# Physics:Dirac spinor

In quantum field theory, the Dirac spinor is the bispinor in the plane-wave solution

$\psi = \omega_\vec{p}\;e^{-ipx} \;$

of the free Dirac equation,

$\left(i\gamma^\mu \partial_\mu - m\right)\psi = 0 \;,$

where (in the units $c \,=\, \hbar \,=\, 1$)

$\psi$ is a relativistic spin-1/2 field,
$\omega_\vec{p}$ is the Dirac spinor related to a plane-wave with wave-vector $\vec{p}$,
$px \;\equiv\; p_\mu x^\mu \;\equiv\; E t - \vec{p} \cdot \vec{x}$,
$p^\mu \;=\; \left\{\pm\sqrt{m^2 + \vec{p}^2},\, \vec{p}\right\}$ is the four-wave-vector of the plane wave, where $\vec{p}$ is arbitrary,
$x^\mu$ are the four-coordinates in a given inertial frame of reference.

The Dirac spinor for the positive-frequency solution can be written as

$\omega_\vec{p} = \begin{bmatrix} \phi \\ \frac{\vec{\sigma} \cdot \vec{p}}{E_\vec{p} + m} \phi \end{bmatrix} \;,$

where

$\phi$ is an arbitrary two-spinor,
$\vec{\sigma}$ are the Pauli matrices,
$E_\vec{p}$ is the positive square root $E_\vec{p} \;=\; + \sqrt{m^2 + \vec{p}^2}$

## Derivation from Dirac equation

The Dirac equation has the form

$\left(-i \vec{\alpha} \cdot \vec{\nabla} + \beta m \right) \psi = i \frac{\partial \psi}{\partial t} \,$

In order to derive the form of the four-spinor $\scriptstyle\omega$ we have to first note the value of the matrices α and β:

$\vec\alpha = \begin{bmatrix} \mathbf{0} & \vec{\sigma} \\ \vec{\sigma} & \mathbf{0} \end{bmatrix} \quad \quad \beta = \begin{bmatrix} \mathbf{I} & \mathbf{0} \\ \mathbf{0} & -\mathbf{I} \end{bmatrix}$

These two 4×4 matrices are related to the Dirac gamma matrices.
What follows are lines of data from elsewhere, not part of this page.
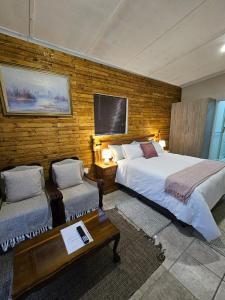 um quarto com 2 camas, uma mesa e um sofá em Private Guest Suite with 24hr Electricity, East London em East London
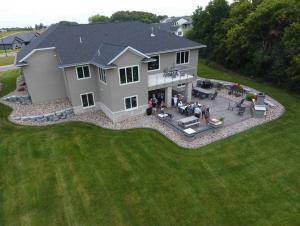 Siesta Hills single-family residences on sizable lots, built with tall, roomy garages intended for larger vehicles, recreational gear, and indoor storage.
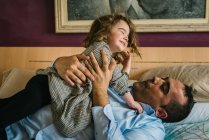 Pai se divertindo com a filha feliz segurando as mãos enquanto deitado na cama — Fotografia de Stock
Note that 0 and I are 2×2 matrices here.

The next step is to look for solutions of the form

$\psi = \omega e^{-i p \cdot x}$,

while at the same time splitting ω into two two-spinors:

$\omega = \begin{bmatrix} \phi \\ \chi \end{bmatrix} \,$.

### Results

Using all of the above information to plug into the Dirac equation results in

$E \begin{bmatrix} \phi \\ \chi \end{bmatrix} = \begin{bmatrix} m \mathbf{I} & \vec{\sigma}\cdot\vec{p} \\ \vec{\sigma}\cdot\vec{p} & -m \mathbf{I} \end{bmatrix}\begin{bmatrix} \phi \\ \chi \end{bmatrix}$.

This matrix equation is really two coupled equations:

\begin{align} \left(E - m \right) \phi &= \left(\vec{\sigma} \cdot \vec{p} \right) \chi \\ \left(E + m \right) \chi &= \left(\vec{\sigma} \cdot \vec{p} \right) \phi \end{align}

Solve the 2nd equation for $\chi \,$ and one obtains

$\omega = \begin{bmatrix} \phi \\ \frac{\vec{\sigma} \cdot \vec{p}}{E + m} \phi \end{bmatrix} \,$.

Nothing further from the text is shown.